Enhance documentation with six Mermaid diagrams to better explain complex system implementations: - Adaptive polling lifecycle flowchart showing enqueue→execute→feedback cycle with scheduler, priority queue, and worker interactions - Circuit breaker state machine diagram illustrating Closed↔Open↔Half-open transitions with triggers and recovery paths - Temperature proxy architecture diagram highlighting trust boundaries, security controls, and data flow between host/container/cluster - Sensor proxy request flow sequence diagram showing auth, rate limiting, validation, and SSH execution pipeline - Alert webhook pipeline flowchart detailing template resolution, URL rendering, HTTP dispatch, and retry logic - Script library workflow diagram illustrating dev→test→bundle→distribute lifecycle emphasizing modular design These visualizations make it easier for operators and contributors to understand Pulse's sophisticated architectural patterns.
9.7 KiB
Adaptive Polling Architecture
Overview
Phase 2 introduces a scheduler that adapts poll cadence based on freshness, errors, and workload.
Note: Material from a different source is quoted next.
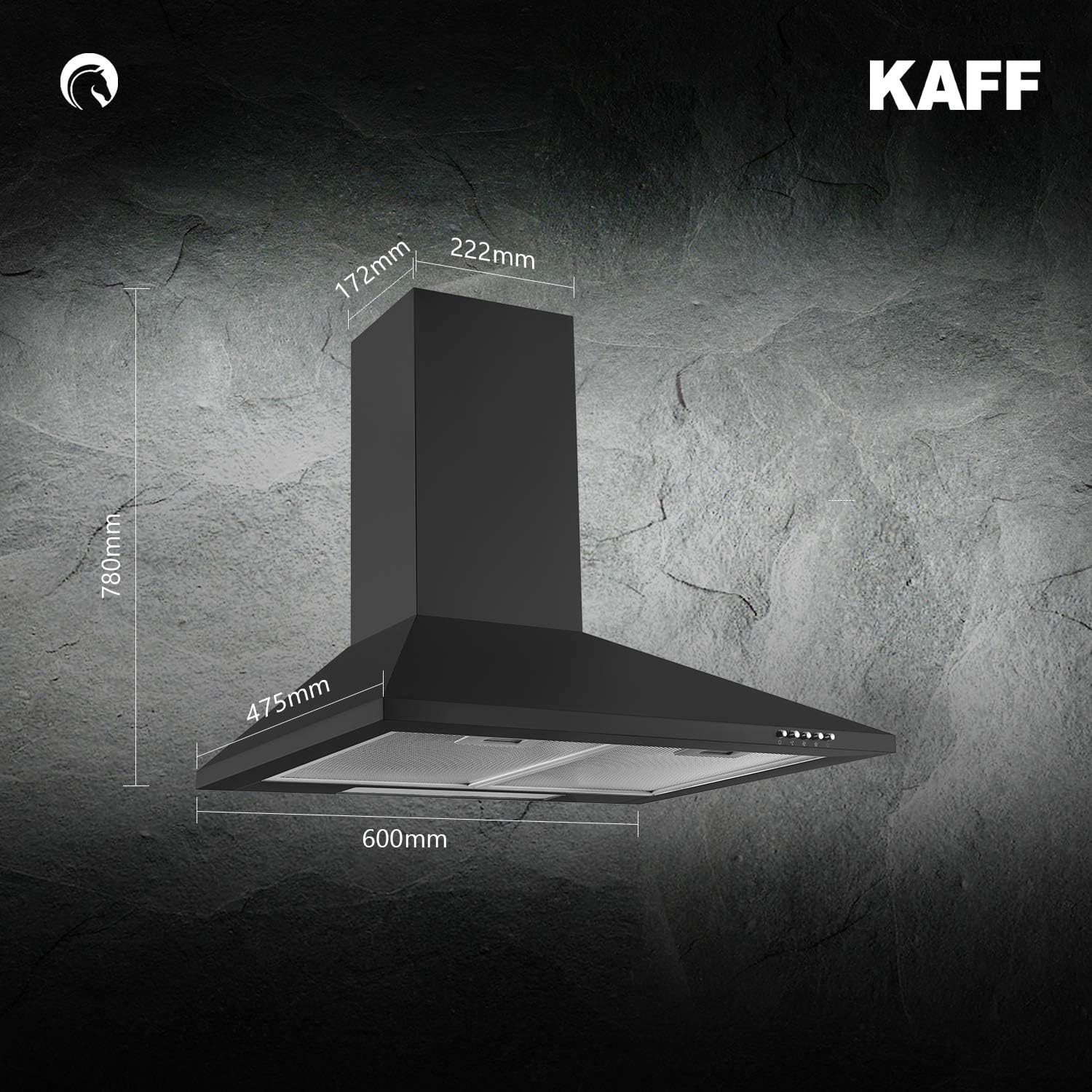 Kaff ELBAA DHC 60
The goal is to prioritize stale or changing instances while backing off on healthy, idle targets.
flowchart TD
PollLoop["PollLoop\n(ticker & config updates)"]
Scheduler["Scheduler\ncomputes ScheduledTask"]
Staleness["Staleness Tracker\n(last success, freshness score)"]
CircuitBreaker["Circuit Breaker\ntracks failure streaks"]
Backoff["Backoff Policy\nexponential w/ jitter"]
PriorityQ["Priority Queue\nmin-heap by NextRun"]
WorkerPool["TaskWorkers\nN concurrent workers"]
Metrics["Metrics & History\nPrometheus + retention"]
Success["Poll Success"]
Failure{"Poll Failure?"}
Reschedule["Reschedule\n(next interval)"]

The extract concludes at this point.